Lifecycle - Vast.ai mode

The lifecycle of a Ponos agent in Vast.ai mode is similar to that of the generic Ponos agent. Only the actions specific to task management differ.

Setup

In addition to the generic Ponos agent setup, the Ponos agent in Vast.ai mode will:

Loop

During its loop, the ponos agent running in Vast.ai mode will:

  • list existing instances using the show instances API call,

  • order a new instance for each task, applying the configured offer filters to find the best & cheapest offer possible,

  • check upon the running instances,

  • report their state onto Arkindex,

  • read instance logs and publish them on Arkindex S3 storage,

  • stop instances

The agent does not download any artifact of Machine Learning model, as it cannot write them on the remote instance’s disk.

Vast.ai instances

Vast.ai instances are used to run ponos tasks, using the same Docker images as when the agent runs in docker mode.

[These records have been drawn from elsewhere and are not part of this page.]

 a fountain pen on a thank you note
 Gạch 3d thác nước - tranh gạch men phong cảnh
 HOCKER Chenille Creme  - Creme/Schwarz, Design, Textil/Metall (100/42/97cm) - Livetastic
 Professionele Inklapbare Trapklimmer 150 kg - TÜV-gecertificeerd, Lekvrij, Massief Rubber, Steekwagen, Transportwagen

Each instance created by the ponos agent has these settings:

  • one GPU (and only one) is always present

  • the same environment variables as for docker mode are provided to the container, along with the ones provided by Vast.ai

  • we also set TASK_BOOTSTRAP & TASK_PARENTS (see below for details)

  • there is no data persistence, so the workers need to publish their artifacts themselves

Bootstrapping instances

As the ponos agent cannot write on the remote instance’s disk, it’s the sole responsibility of the worker to download parent task artifacts and Machine Learning model before running any actual business code.

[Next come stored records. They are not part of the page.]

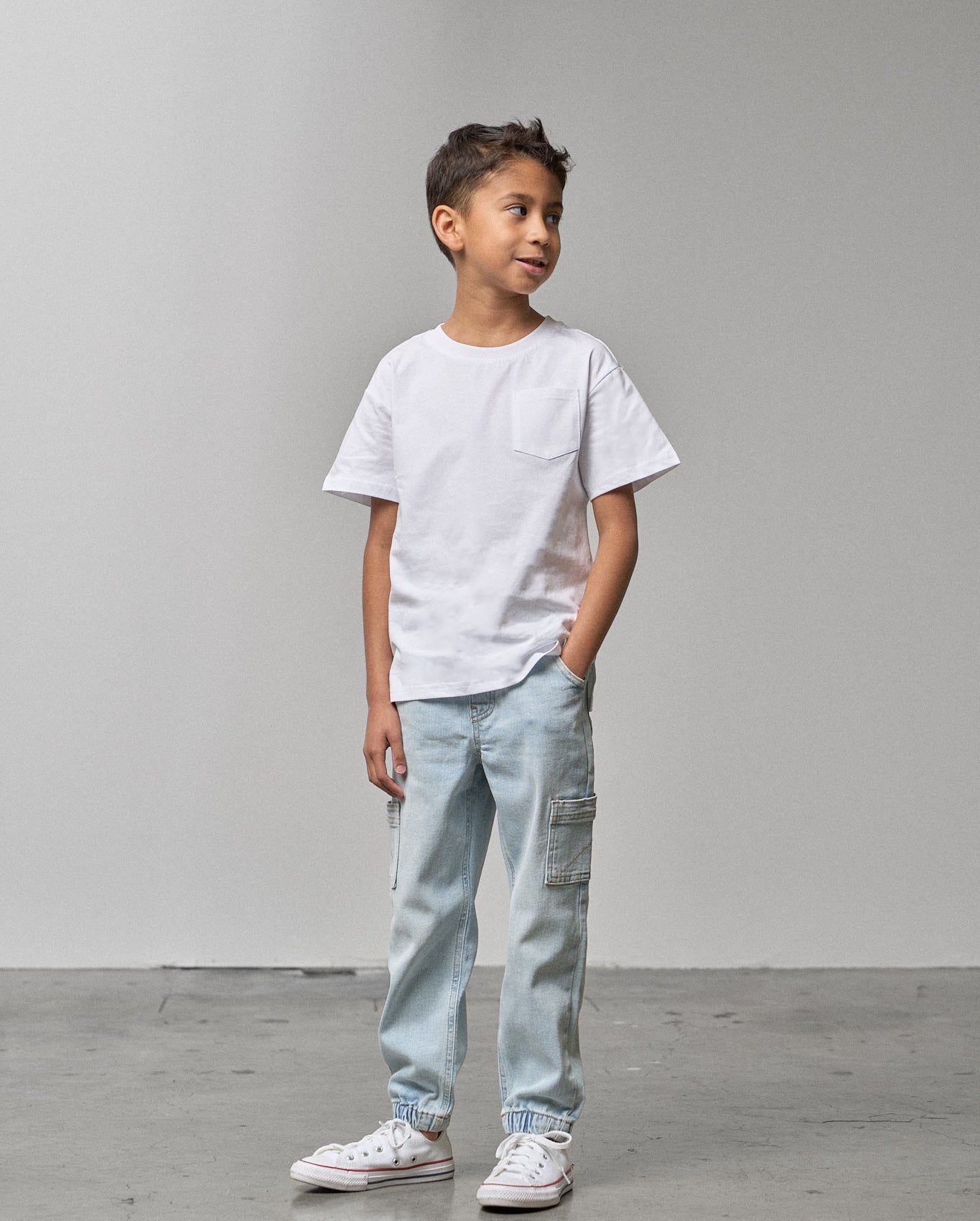 Cotton Tee - White - Little Bipsy
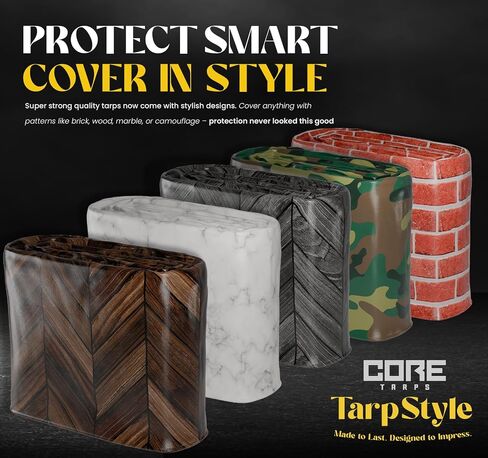 Core Tarps Extreme Heavy Duty 20 Mil Tarp Cover, Waterproof, UV Resistant, Rip and Tear Proof, Poly Tarpaulin with Reinforced Edges for Roof, Camping, Patio, Pool, Boat (Brown Wood/Black 12′ X 16′) in Saudi Arabia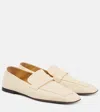 The Row Leather Square-toe Loafers In Neutral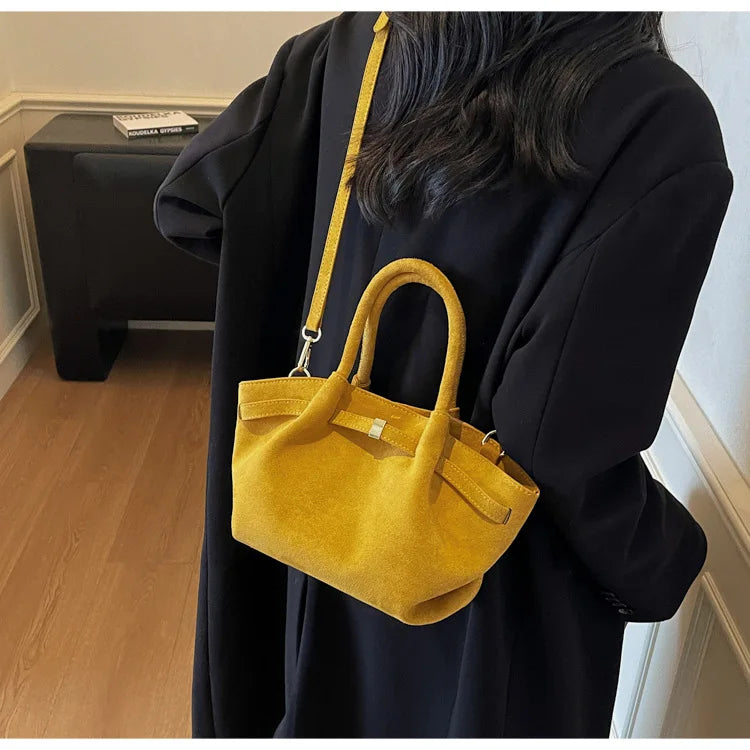 Matte Suede Leather Tote Bag for Women – Large Capacity Retro Shoulder & Crossbody Handbag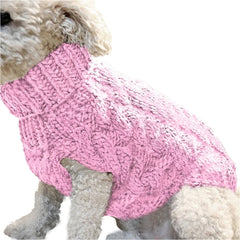 New Pet Small Pet Dog Clothes Sweater Fashion Autumn Winter Solid Fried Dough Twists Knitting Warm Comfort Clothing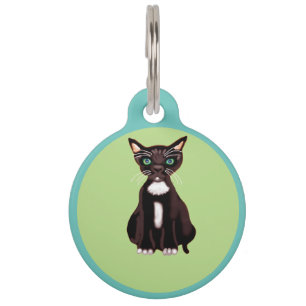 Black and white kitten on green background pet ID tag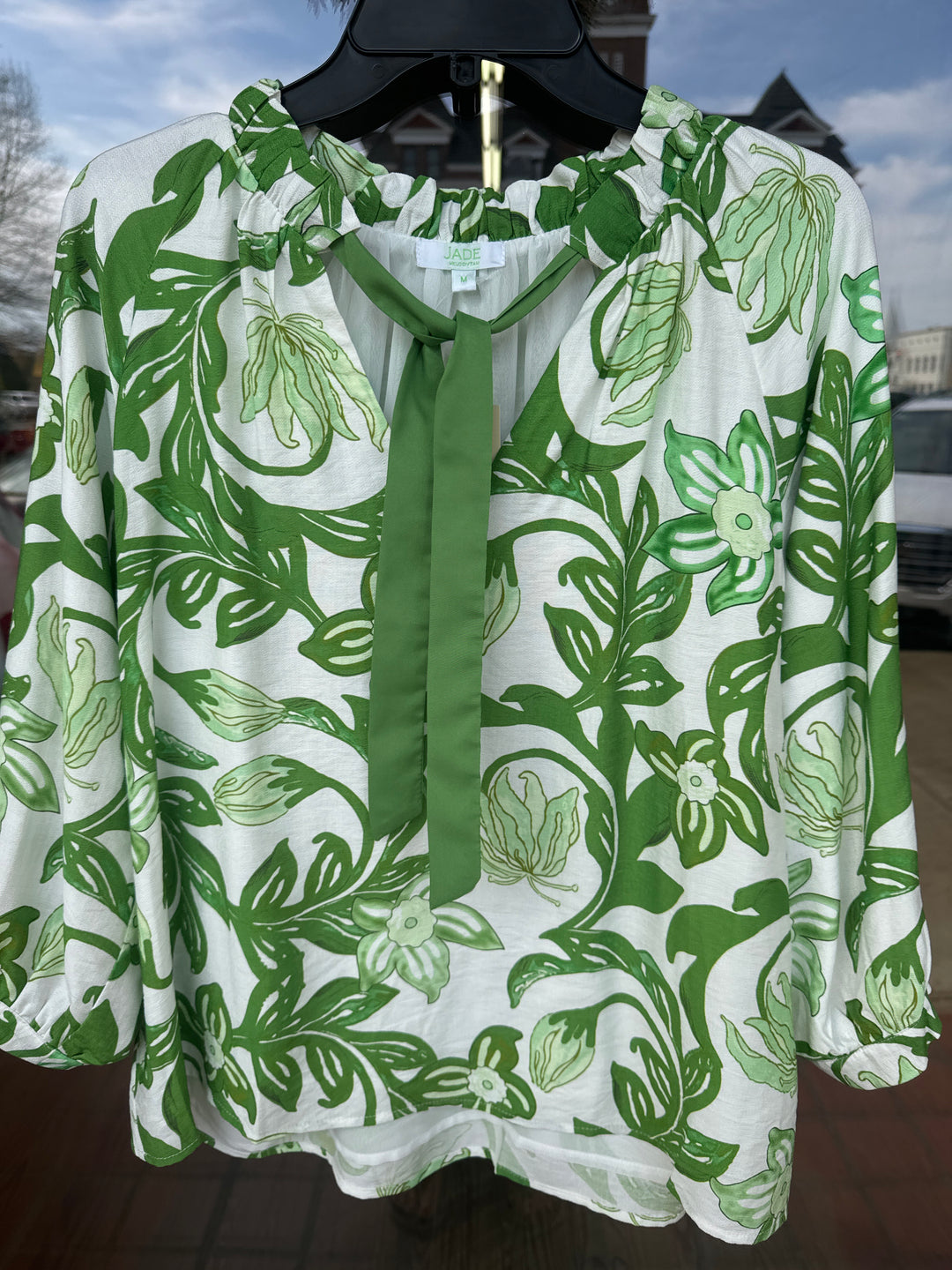 Jade Green Vine Peasant Top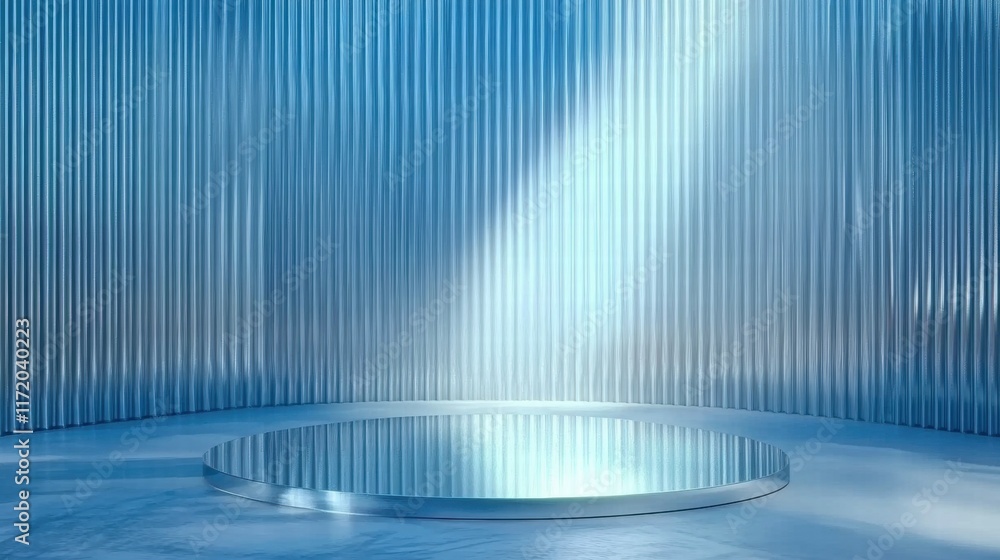 Poster a minimalist, blue-toned space with a circular platform and vertical lines.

To do so, the ponos agent provides two extra environment variables:

  • TASK_BOOTSTRAP=true, to trigger the specific local bootstrap mode

  • TASK_PARENTS is a json mapping of Arkindex Task IDs (as keys) and the corresponding task slugs (as values) so that the worker can build a local file system with all parent task artifacts.

All this bootstrapping is done by base-worker >= 0.5.3.